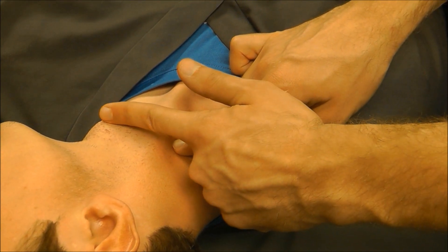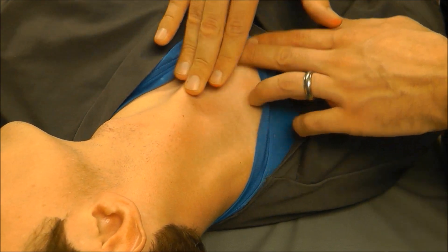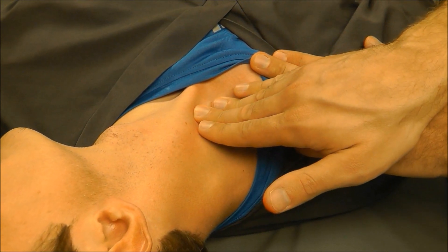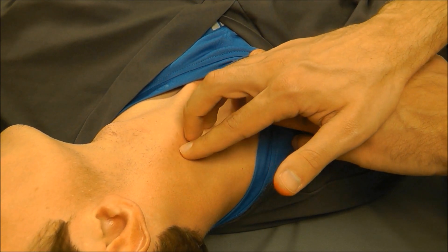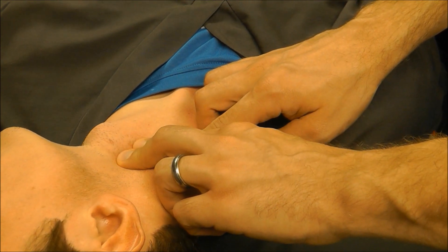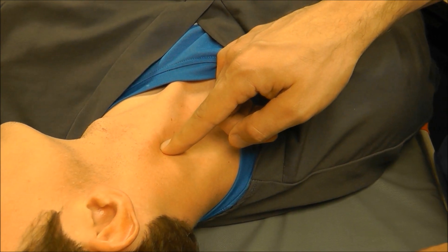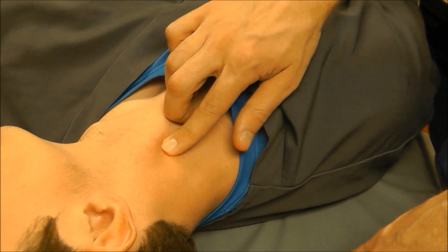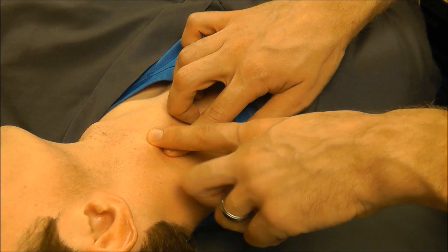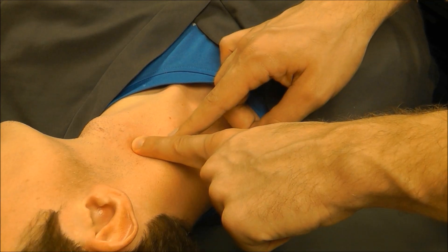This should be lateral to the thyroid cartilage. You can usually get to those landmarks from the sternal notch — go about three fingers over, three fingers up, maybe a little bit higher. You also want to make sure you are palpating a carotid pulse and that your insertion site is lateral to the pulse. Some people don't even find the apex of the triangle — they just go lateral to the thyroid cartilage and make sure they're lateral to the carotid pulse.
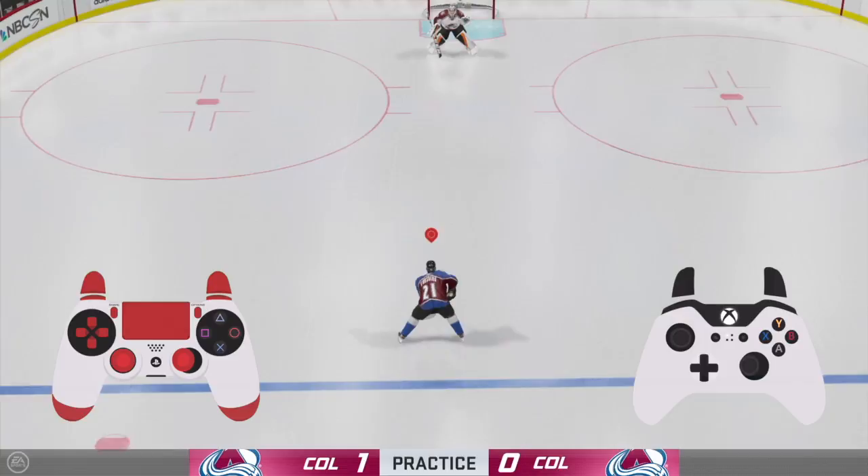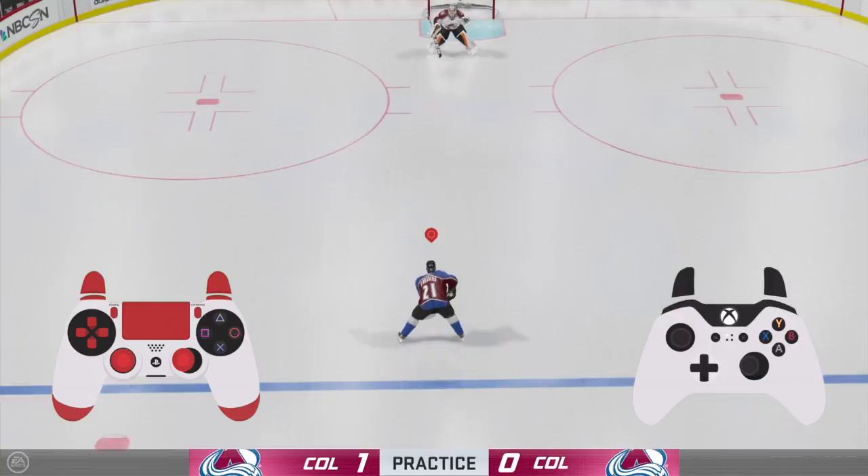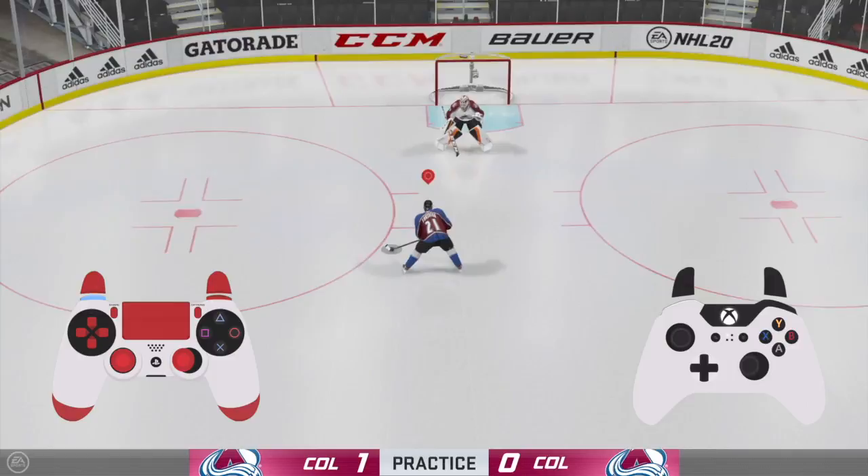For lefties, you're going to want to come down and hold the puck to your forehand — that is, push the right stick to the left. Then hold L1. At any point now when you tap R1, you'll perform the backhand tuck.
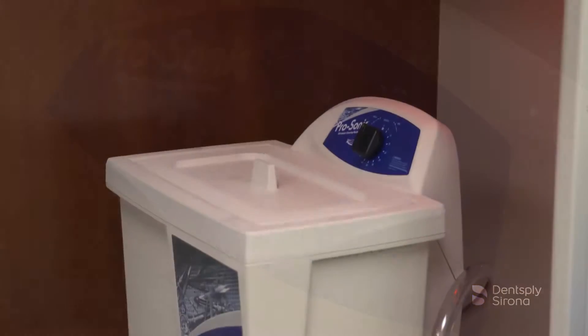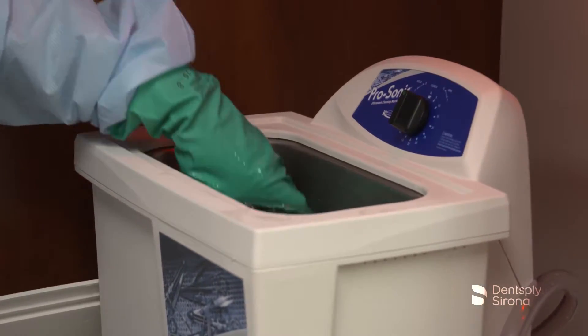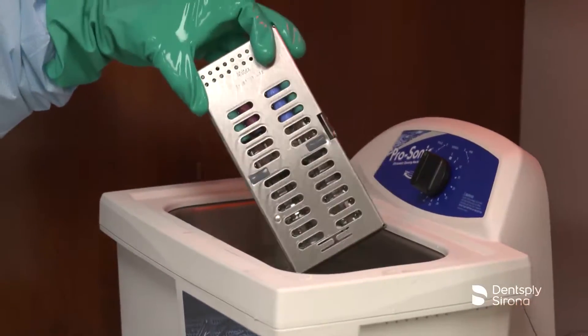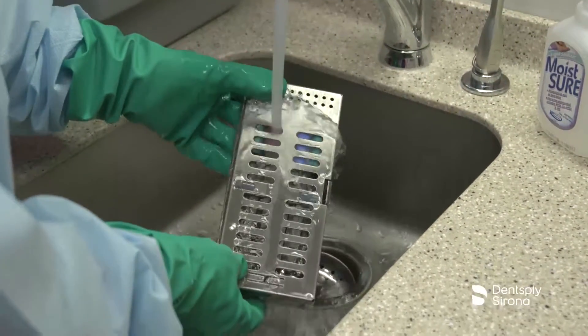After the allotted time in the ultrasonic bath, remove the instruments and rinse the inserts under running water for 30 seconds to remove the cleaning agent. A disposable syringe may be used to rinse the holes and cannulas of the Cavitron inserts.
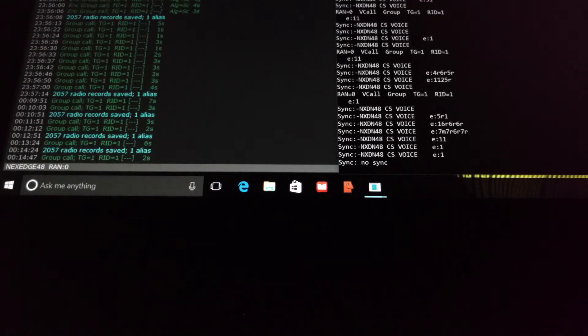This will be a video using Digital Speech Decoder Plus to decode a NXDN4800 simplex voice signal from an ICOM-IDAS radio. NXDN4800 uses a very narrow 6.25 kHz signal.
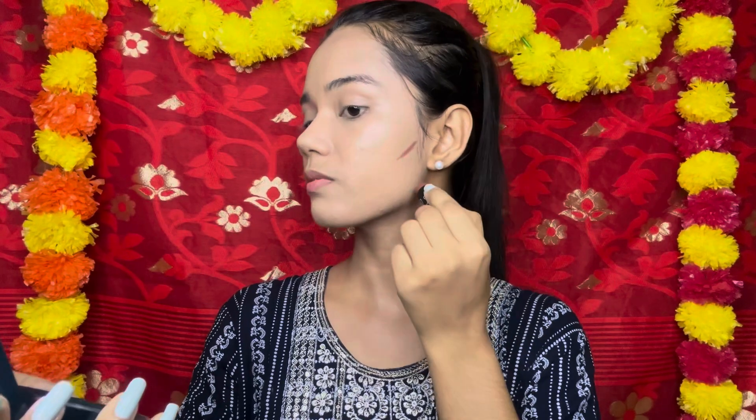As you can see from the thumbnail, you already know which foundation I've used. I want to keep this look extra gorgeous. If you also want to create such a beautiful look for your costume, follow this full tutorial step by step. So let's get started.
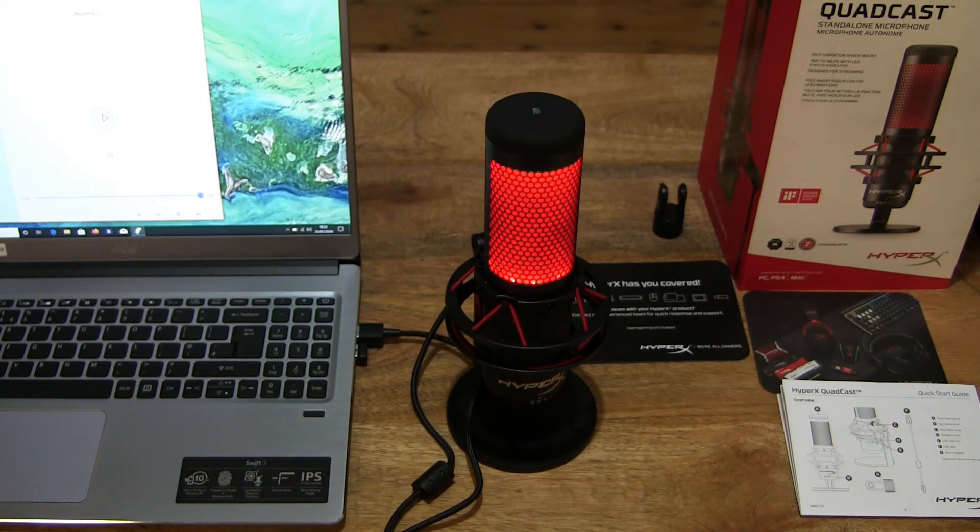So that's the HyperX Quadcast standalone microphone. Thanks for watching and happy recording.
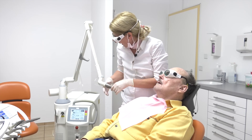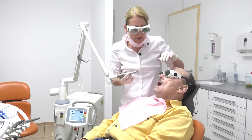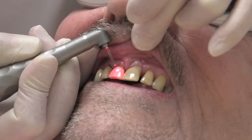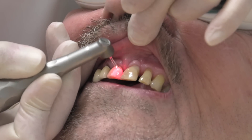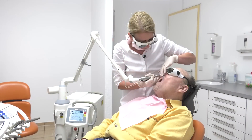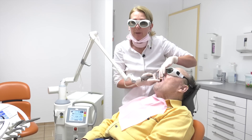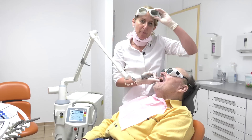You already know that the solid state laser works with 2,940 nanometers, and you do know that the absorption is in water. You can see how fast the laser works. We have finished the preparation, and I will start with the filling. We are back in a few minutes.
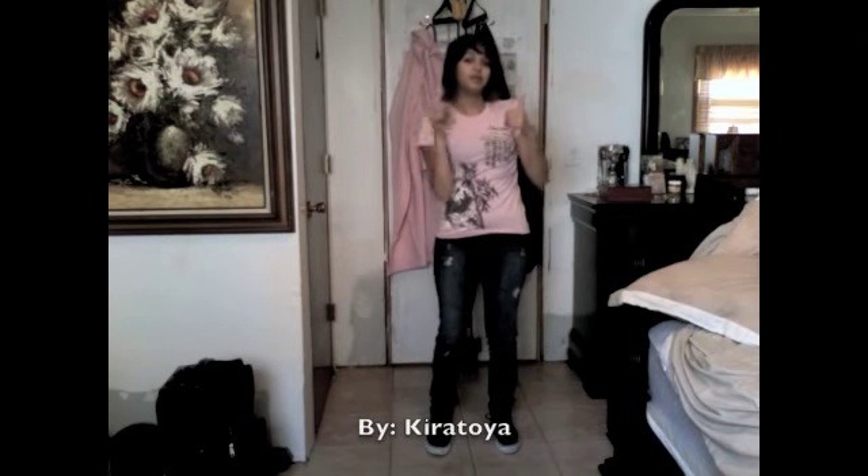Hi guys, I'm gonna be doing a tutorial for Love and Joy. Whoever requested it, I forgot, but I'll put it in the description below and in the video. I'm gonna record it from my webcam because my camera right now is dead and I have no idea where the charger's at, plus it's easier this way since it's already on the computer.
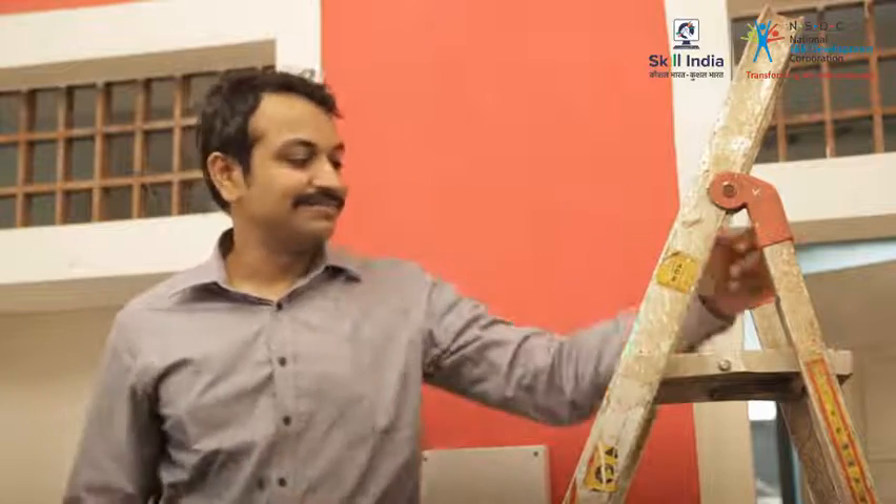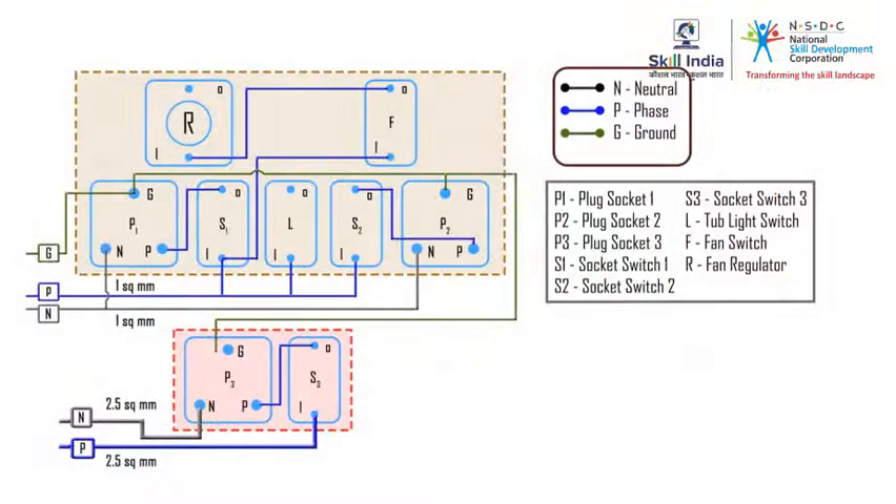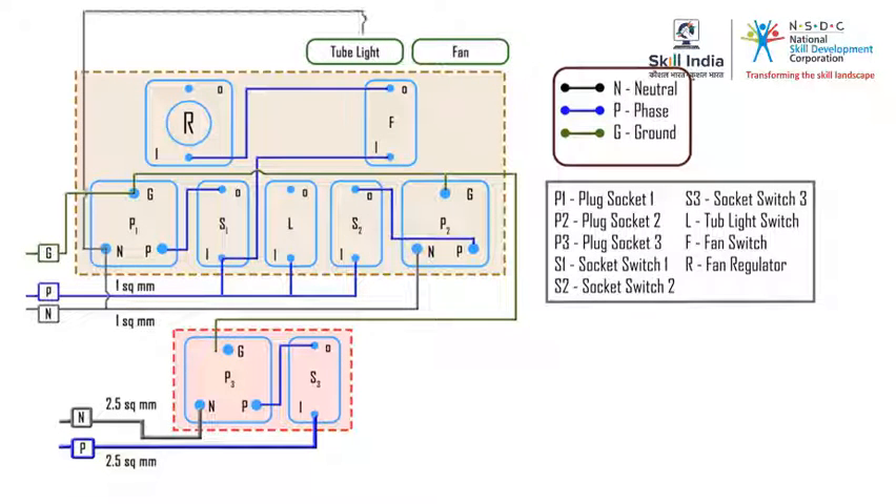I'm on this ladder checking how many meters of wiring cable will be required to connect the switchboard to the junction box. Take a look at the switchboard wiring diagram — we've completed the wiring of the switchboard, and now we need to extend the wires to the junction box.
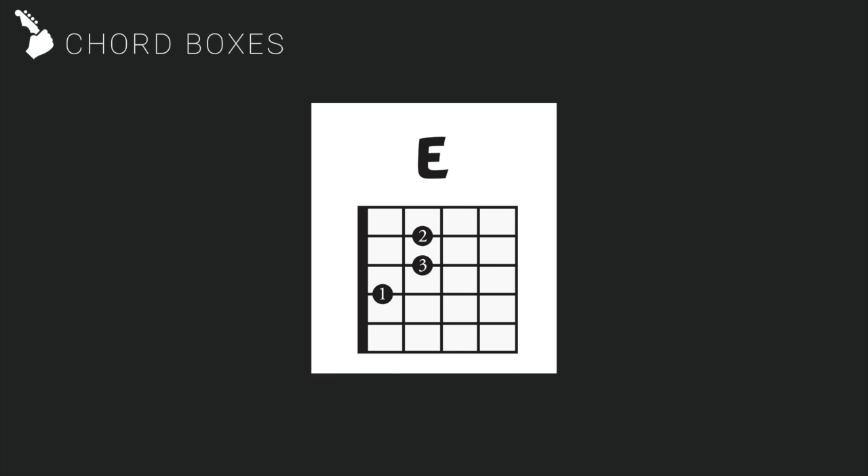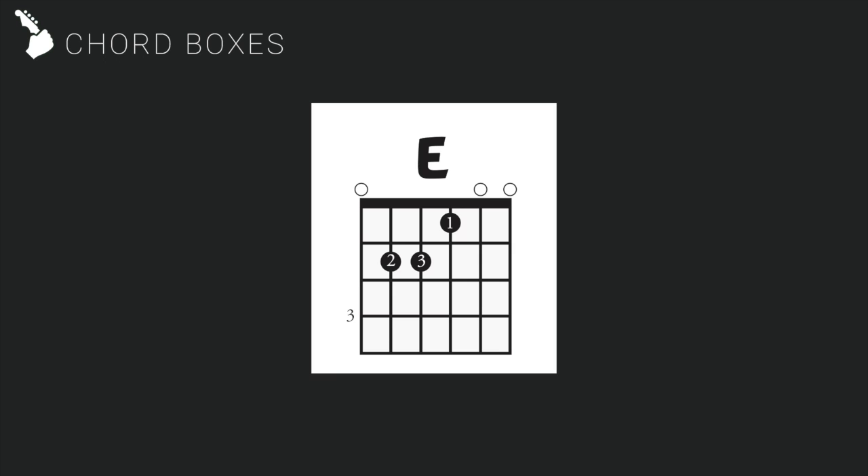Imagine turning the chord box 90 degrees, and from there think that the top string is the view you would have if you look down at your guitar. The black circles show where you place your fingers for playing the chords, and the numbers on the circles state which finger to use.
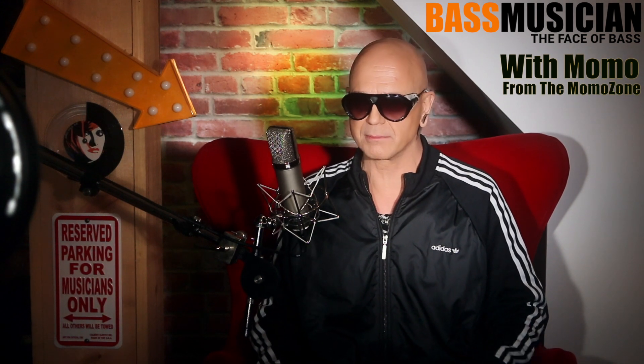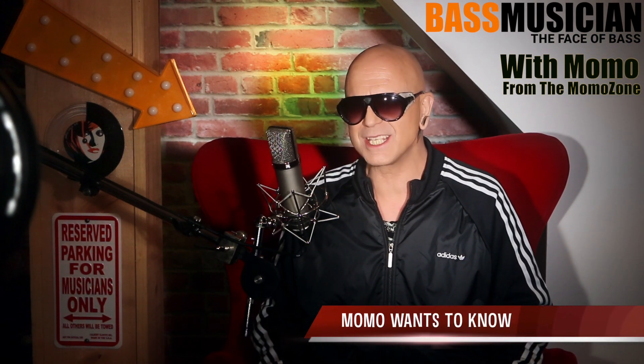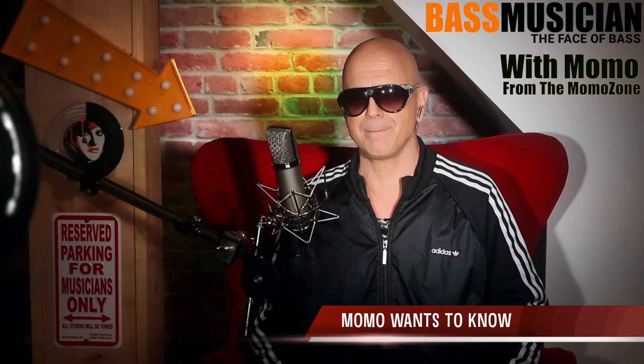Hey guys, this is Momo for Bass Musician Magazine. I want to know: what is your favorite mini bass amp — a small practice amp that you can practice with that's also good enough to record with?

•••••

■ Task instructions: Set down the lines of the records above exactly, apart from the pictures.

■ Exercise response:
This should be lateral to the thyroid cartilage. You can usually get to those landmarks from the sternal notch — go about three fingers over, three fingers up, maybe a little bit higher. You also want to make sure you are palpating a carotid pulse and that your insertion site is lateral to the pulse. Some people don't even find the apex of the triangle — they just go lateral to the thyroid cartilage and make sure they're lateral to the carotid pulse.
For lefties, you're going to want to come down and hold the puck to your forehand — that is, push the right stick to the left. Then hold L1. At any point now when you tap R1, you'll perform the backhand tuck.
After the allotted time in the ultrasonic bath, remove the instruments and rinse the inserts under running water for 30 seconds to remove the cleaning agent. A disposable syringe may be used to rinse the holes and cannulas of the Cavitron inserts.
This will be a video using Digital Speech Decoder Plus to decode a NXDN4800 simplex voice signal from an ICOM-IDAS radio. NXDN4800 uses a very narrow 6.25 kHz signal.
As you can see from the thumbnail, you already know which foundation I've used. I want to keep this look extra gorgeous. If you also want to create such a beautiful look for your costume, follow this full tutorial step by step. So let's get started.
So that's the HyperX Quadcast standalone microphone. Thanks for watching and happy recording.
You already know that the solid state laser works with 2,940 nanometers, and you do know that the absorption is in water. You can see how fast the laser works. We have finished the preparation, and I will start with the filling. We are back in a few minutes.
Hi guys, I'm gonna be doing a tutorial for Love and Joy. Whoever requested it, I forgot, but I'll put it in the description below and in the video. I'm gonna record it from my webcam because my camera right now is dead and I have no idea where the charger's at, plus it's easier this way since it's already on the computer.
I'm on this ladder checking how many meters of wiring cable will be required to connect the switchboard to the junction box. Take a look at the switchboard wiring diagram — we've completed the wiring of the switchboard, and now we need to extend the wires to the junction box.
Imagine turning the chord box 90 degrees, and from there think that the top string is the view you would have if you look down at your guitar. The black circles show where you place your fingers for playing the chords, and the numbers on the circles state which finger to use.
Hey guys, this is Momo for Bass Musician Magazine. I want to know: what is your favorite mini bass amp — a small practice amp that you can practice with that's also good enough to record with?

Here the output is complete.